WHAT YOU HAVE TO DO: Write out the entire listing below exactly as it appears, minus any pictures.

INFORMATION SHOWN:
----
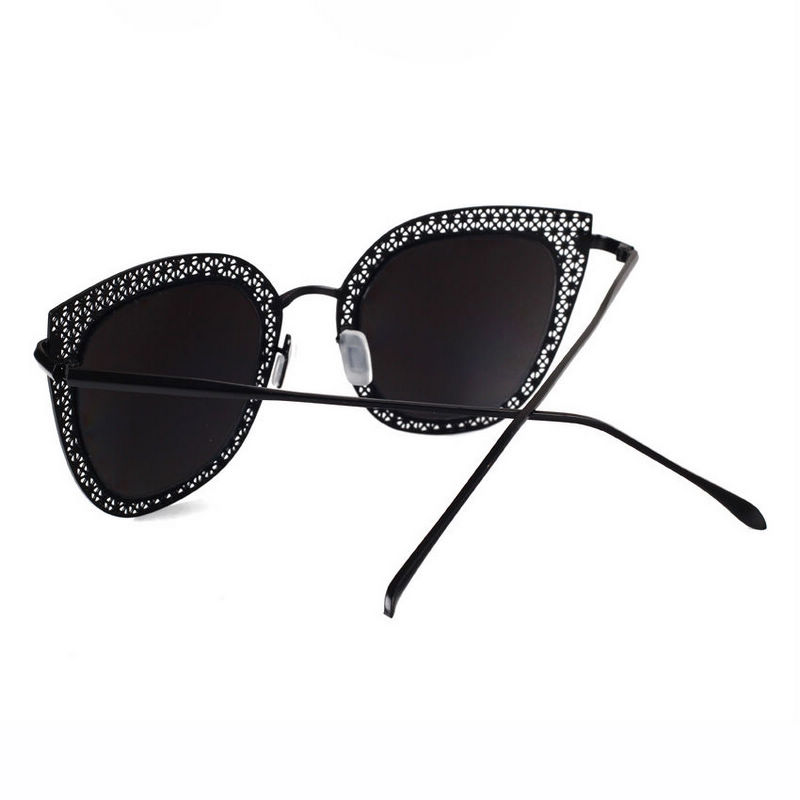 Lace Metal Cat-Eye Sunglasses Oversized Frame Mirrored White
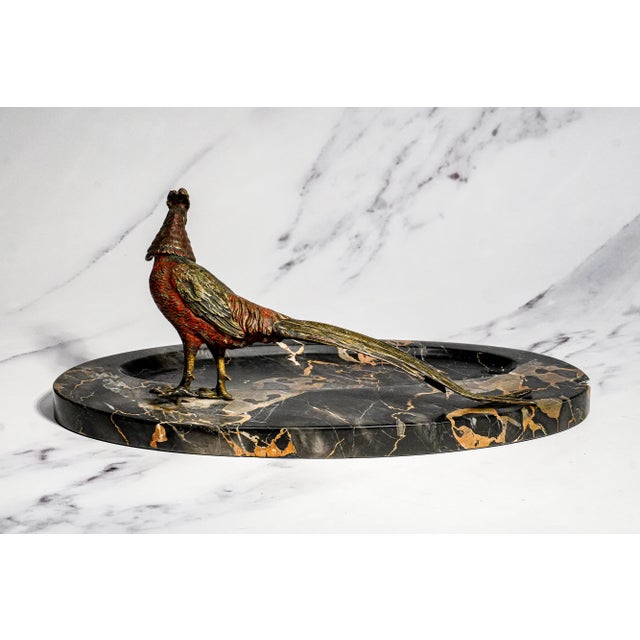 Impressive Antique Austrian Bronze Pheasant Sculpture Statue Black Veined Marble Desk Dresser Tray Catchall Art Deco Home Decor For Sale - Image 12 of 17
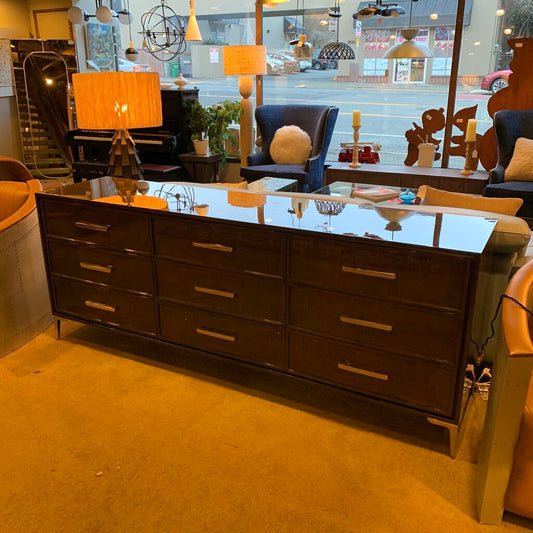 84" RH Lacquered 9 Drawer Low Dresser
----
ANSWER BOX:
 Lace Metal Cat-Eye Sunglasses Oversized Frame Mirrored White
 Impressive Antique Austrian Bronze Pheasant Sculpture Statue Black Veined Marble Desk Dresser Tray Catchall Art Deco Home Decor For Sale - Image 12 of 17
 84" RH Lacquered 9 Drawer Low Dresser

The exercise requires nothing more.